Evaluating the importance of investments in youth is complicated by several factors:
- Many interventions take a long time to have an effect.
- Investments in different areas operate synergistically, so tracing causes and identifying priorities can be difficult.
- Experimental programme designs that would allow comparison of different approaches are rarely applied to many areas of social intervention (including reproductive health and community programmes) for both practical and ethical reasons.
- Youth populations are enormously diverse: strategies must correspond to their life situations (married or unmarried, in or out of school, employed or not, in intact families or not, etc.) and cultural expectations—there are no “one-size-fits-all” approaches. What is valuable in one setting, or for one subgroup of young people, may be less effective in another—even when the costs of inaction are known to be considerable.(31)

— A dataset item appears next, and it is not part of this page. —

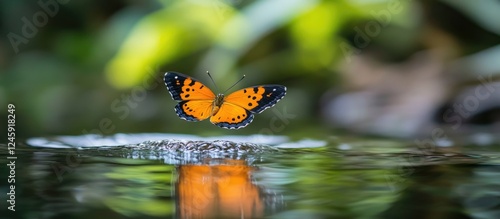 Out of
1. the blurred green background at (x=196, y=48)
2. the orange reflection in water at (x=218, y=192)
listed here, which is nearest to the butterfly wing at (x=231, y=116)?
the orange reflection in water at (x=218, y=192)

It is also difficult to estimate the actual costs of programmes(32) and their diverse benefits (particularly those beyond productivity improvements). Complicating the situation for policy makers, investments may have different benefits for males and for females. Young men might benefit more than young women from programmes addressing tobacco, alcohol and drug abuse, for example. Reproductive health investments more directly benefit women.
As we have seen in Chapter 1 (Table 3), the web of relationships among causes and effects of negative outcomes involving adolescents are complex and mutually supporting. Breaking the links of vicious cycles that capture some people and replacing them with virtuous cycles of mutual positive support often requires combinations of programmatic interventions.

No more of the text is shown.